_The problem_
Please reproduce the entries below exactly, leaving the pictures out.

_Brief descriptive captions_
'''

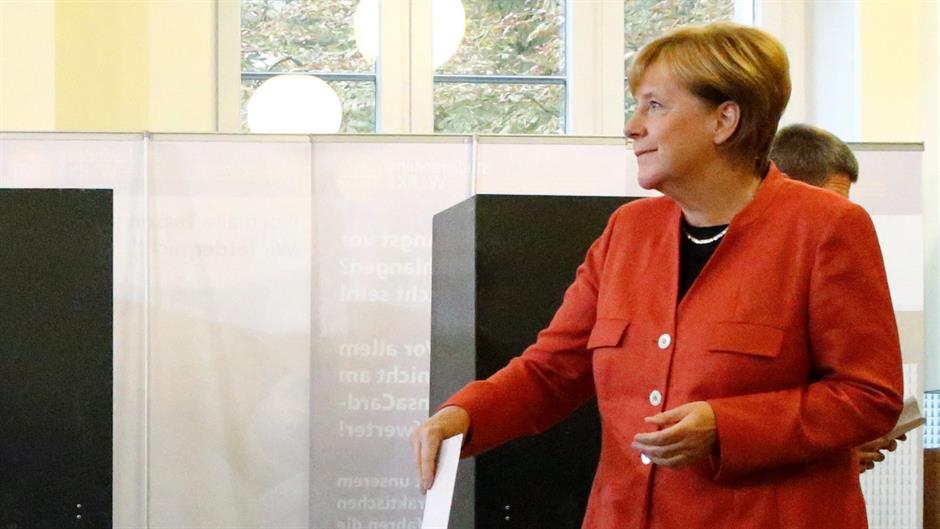 2017-09-24T125516Z_1158745319_RC1431671020_RTRMADP_3_GERMANY-ELECTION-MERKEL-VOTES
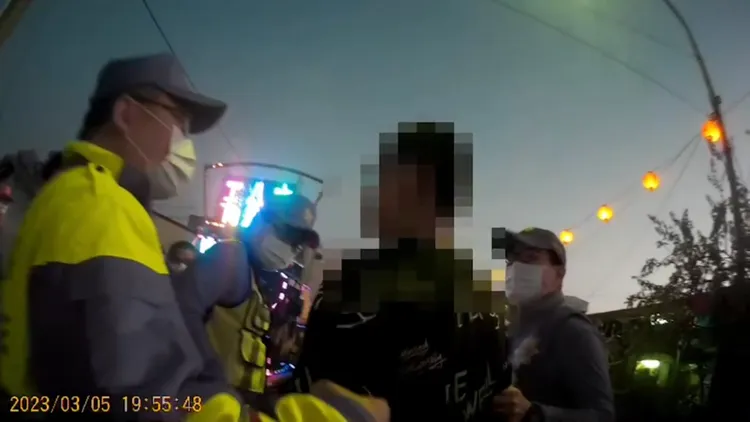 快打警力到場制約，帶回主嫌蔡姓男子。讀者提供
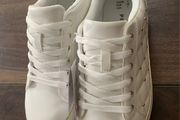 BRAND NEW Ladies/Girls White Runners / Trainers: Size 5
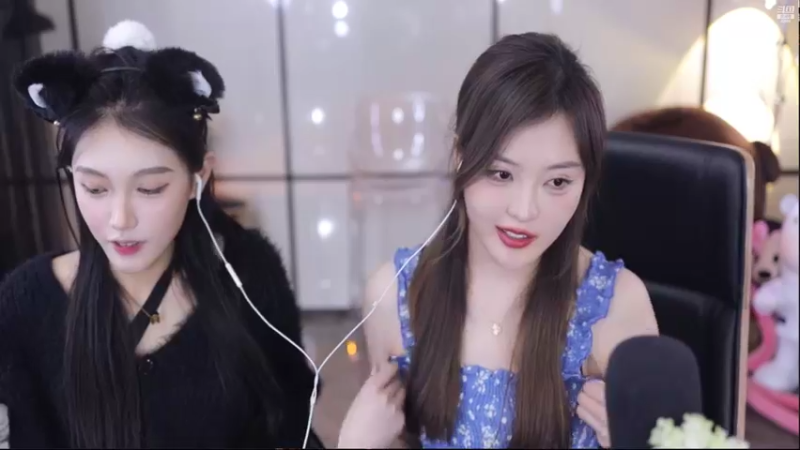【2022-03-06 01点场】苏恩Olivia：晚上好鸭 我来咯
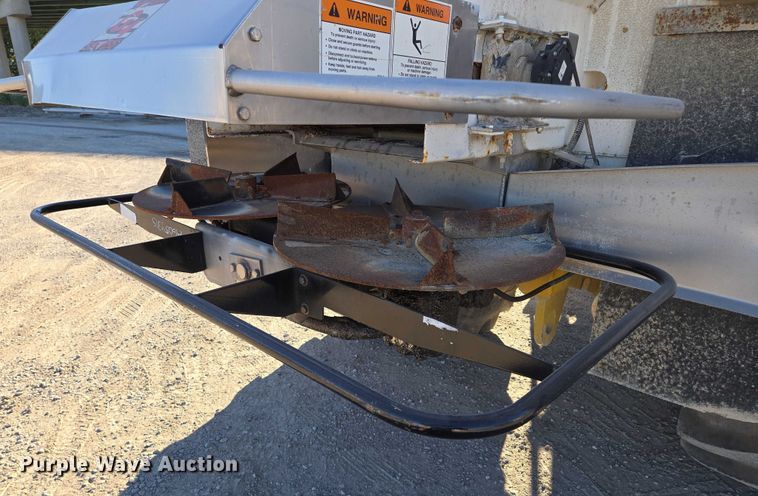 image for item EV1622 1997 TerraGator 1903 spreader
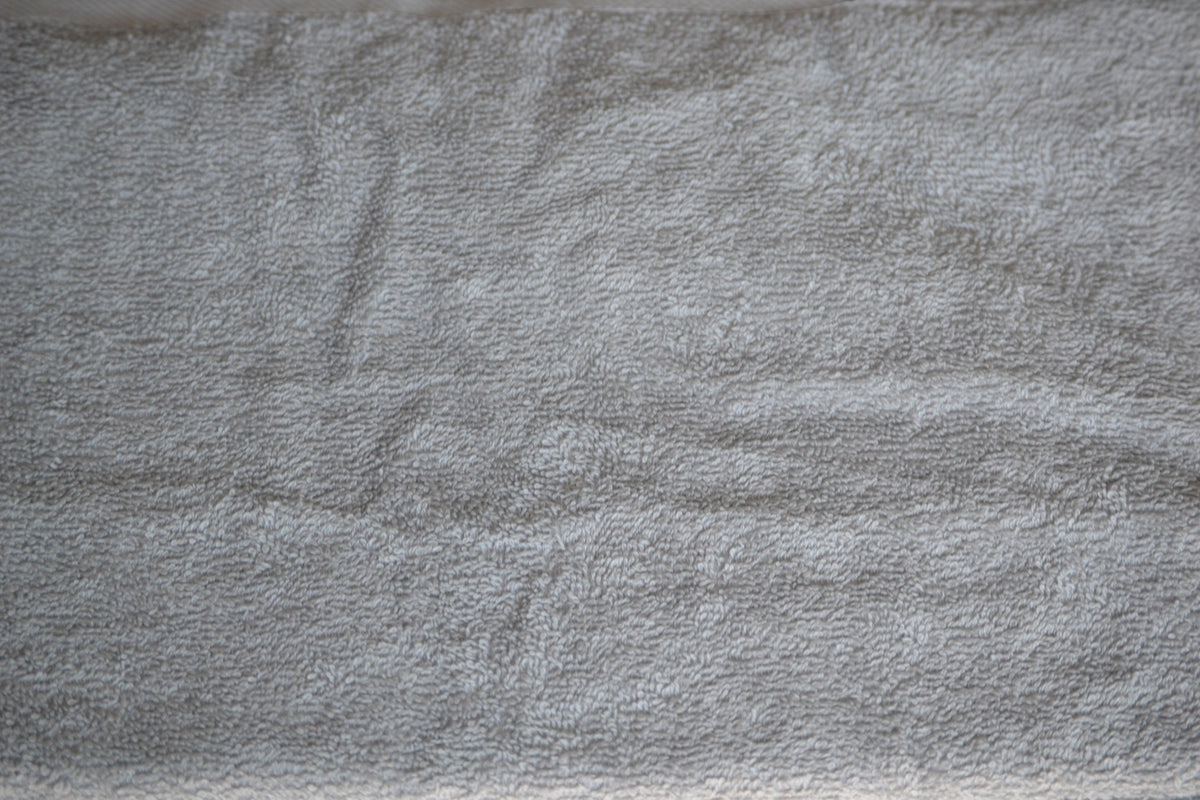 BenchUp Cotton Gym Towel with Zipper Pocket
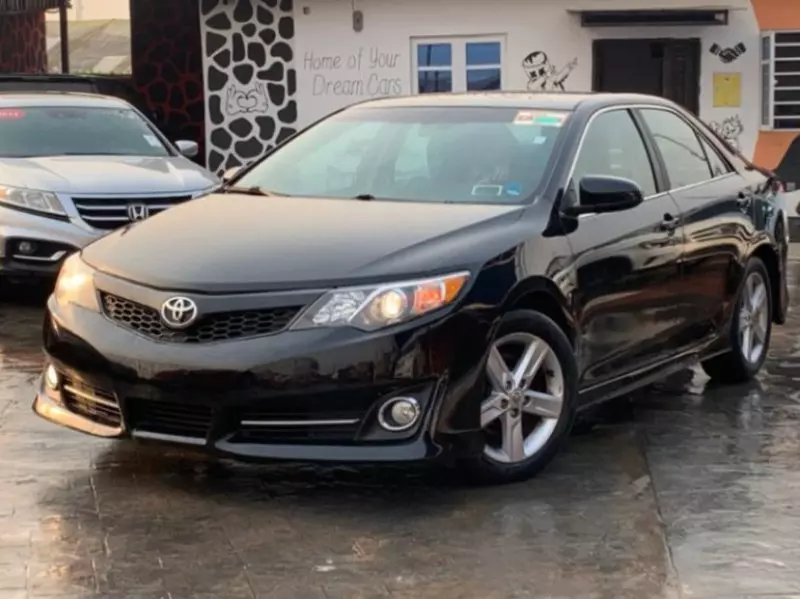 TOYOTA Camry   - 2013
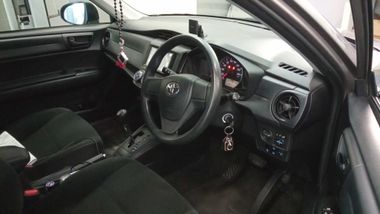 Toyota Corolla Axio 2019 года, 163 086 км - вид 5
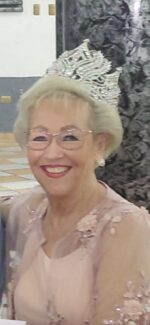 “Me volveré a levantar”, Choko al ser coronada por comerciantes de Culiacán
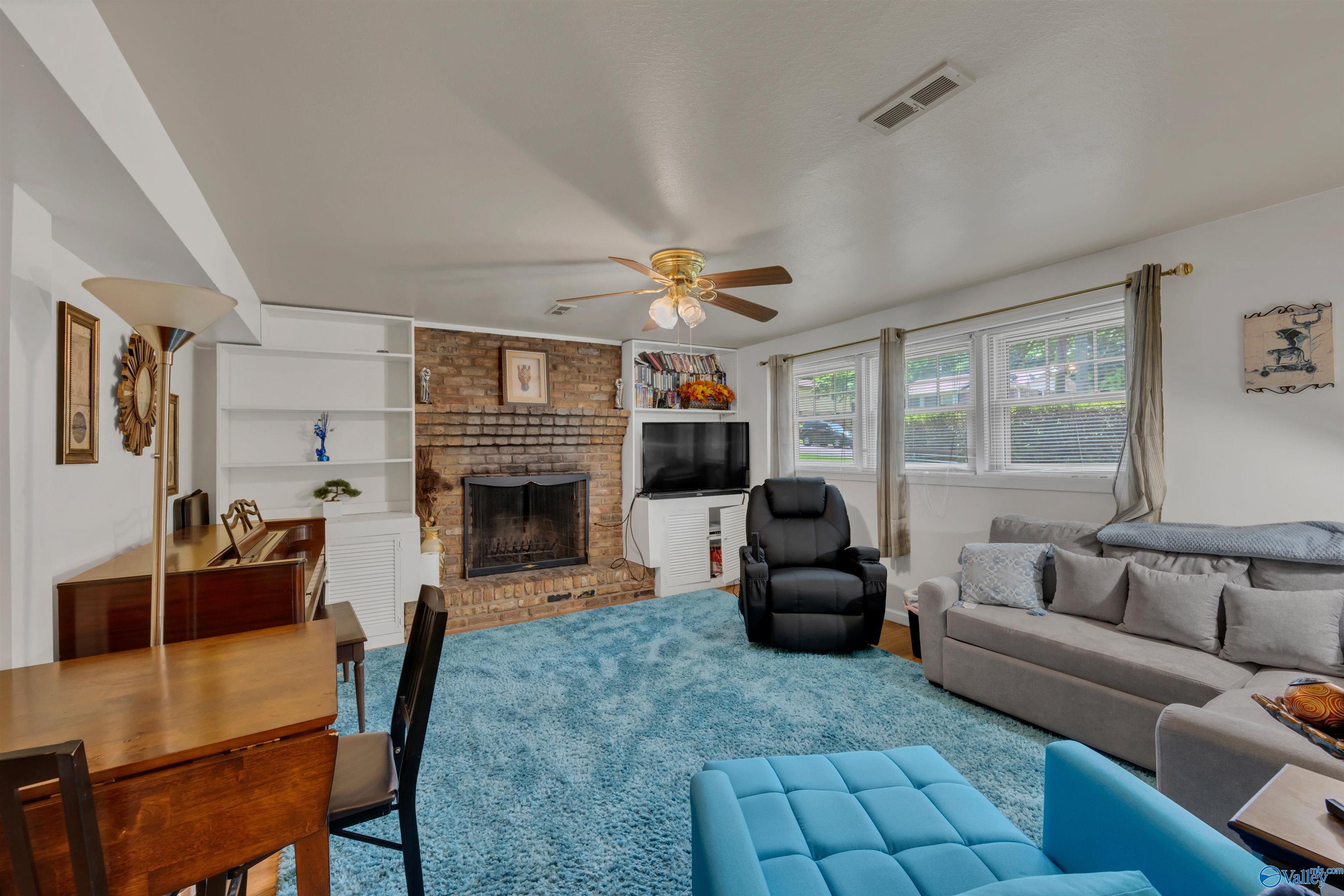 3459 Darlene Circle NW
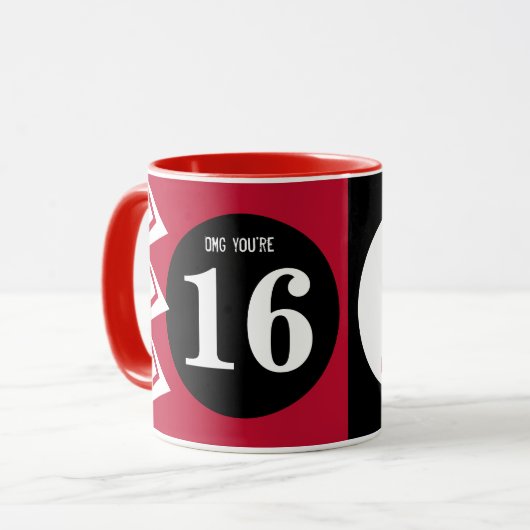OMG Sie sind 16 Monogramm Name rot und schwarz Tasse (Vorderseite Links)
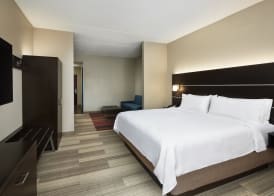 Holiday Inn Express & Suites SEYMOUR by IHG 3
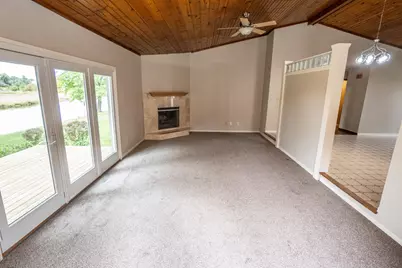 W179N9765  Riversbend Cir, Germantown, WI 53022 - Photo 5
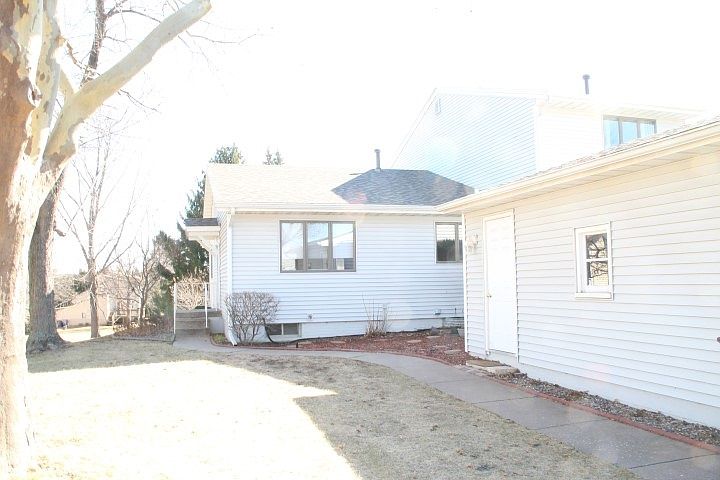 1st image of 3135 Willowwood Dr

'''

_Solution to this problem_
 2017-09-24T125516Z_1158745319_RC1431671020_RTRMADP_3_GERMANY-ELECTION-MERKEL-VOTES
 快打警力到場制約，帶回主嫌蔡姓男子。讀者提供
 BRAND NEW Ladies/Girls White Runners / Trainers: Size 5
【2022-03-06 01点场】苏恩Olivia：晚上好鸭 我来咯
 image for item EV1622 1997 TerraGator 1903 spreader
 BenchUp Cotton Gym Towel with Zipper Pocket
 TOYOTA Camry   - 2013
 Toyota Corolla Axio 2019 года, 163 086 км - вид 5
 “Me volveré a levantar”, Choko al ser coronada por comerciantes de Culiacán
 3459 Darlene Circle NW
OMG Sie sind 16 Monogramm Name rot und schwarz Tasse (Vorderseite Links)
 Holiday Inn Express & Suites SEYMOUR by IHG 3
 W179N9765  Riversbend Cir, Germantown, WI 53022 - Photo 5
 1st image of 3135 Willowwood Dr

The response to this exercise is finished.